→ **Required work**:
Exclude images; transcribe the rest of the data exactly.

→ **Records for the exercise**:
-- Opening Marker --
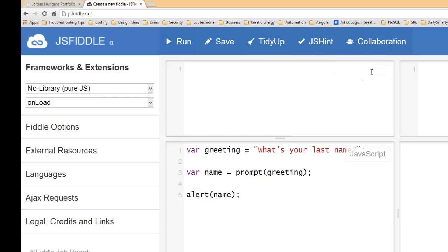So this video you're able to see exactly how to prompt a user for input. In the next one we're going to go into how to take that information and then use that to make decisions in your program.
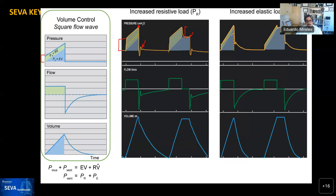On the other waveform — increased elastic load — there's a very small step up, but what changes is the slope. Instead of a gradual slope, you see a higher, steeper slope: the pressure changes faster for the given flow or volume delivered. When the breath ends, pressure drops. But there's another artifact: instead of dropping rapidly to baseline and reaching PEEP, it took some time to get there. This has to do with ventilator performance.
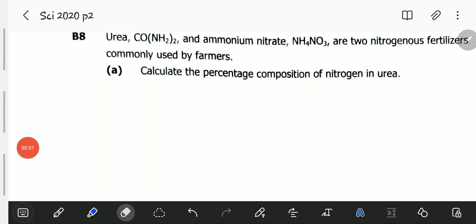Hello viewers, welcome to this video. In this video we will be looking at the November 2020 Science Paper 2, Question B8.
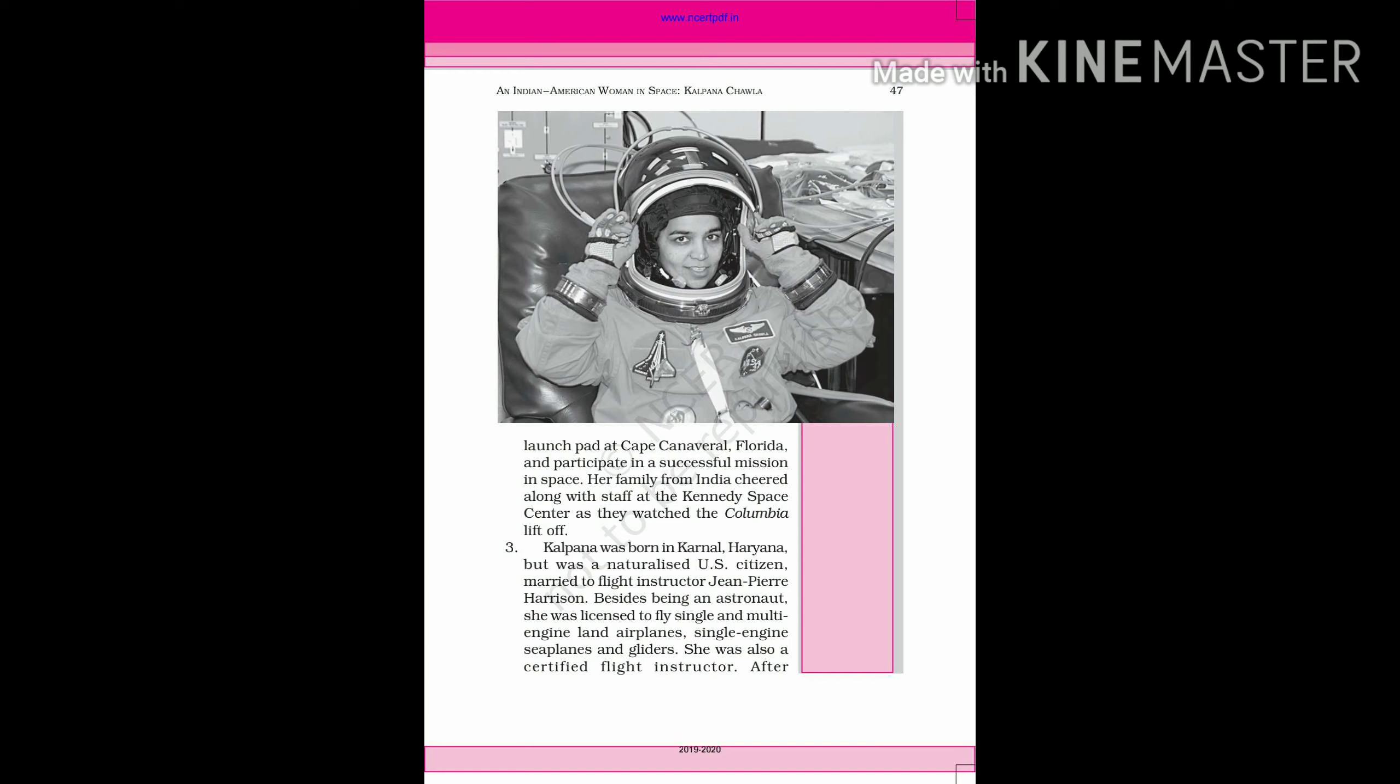Besides being an astronaut, she was licensed to fly single and multi-engine land airplanes, single-engine seaplanes and gliders. She was also a certified flight instructor.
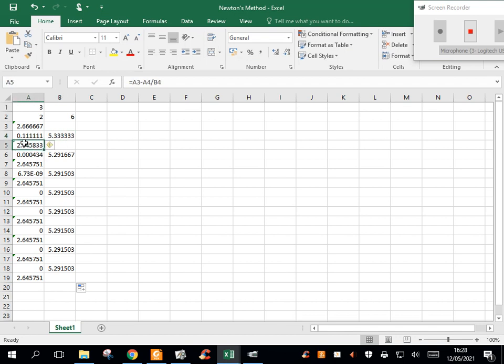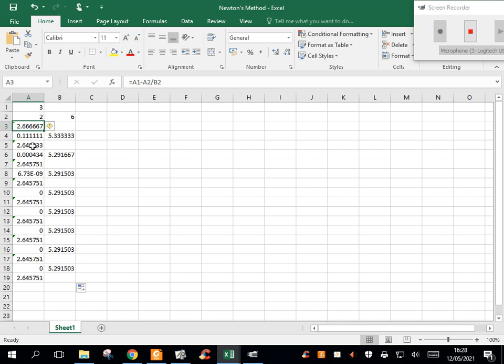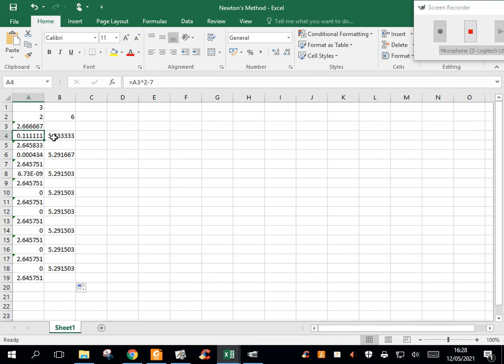And then Excel is just repeating the formula. Look, in this case, the first one here said it's cell A1 minus cell A2 divided by cell B2. It kind of reads automatically that this has to be, following the pattern, this will be cell A3 minus cell A4 divided by cell B4. So it's this one, subtract this one, divided by this one.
-- Closing Marker --
→ **Finished exercise**:
So this video you're able to see exactly how to prompt a user for input. In the next one we're going to go into how to take that information and then use that to make decisions in your program.
On the other waveform — increased elastic load — there's a very small step up, but what changes is the slope. Instead of a gradual slope, you see a higher, steeper slope: the pressure changes faster for the given flow or volume delivered. When the breath ends, pressure drops. But there's another artifact: instead of dropping rapidly to baseline and reaching PEEP, it took some time to get there. This has to do with ventilator performance.
Hello viewers, welcome to this video. In this video we will be looking at the November 2020 Science Paper 2, Question B8.
Besides being an astronaut, she was licensed to fly single and multi-engine land airplanes, single-engine seaplanes and gliders. She was also a certified flight instructor.
And then Excel is just repeating the formula. Look, in this case, the first one here said it's cell A1 minus cell A2 divided by cell B2. It kind of reads automatically that this has to be, following the pattern, this will be cell A3 minus cell A4 divided by cell B4. So it's this one, subtract this one, divided by this one.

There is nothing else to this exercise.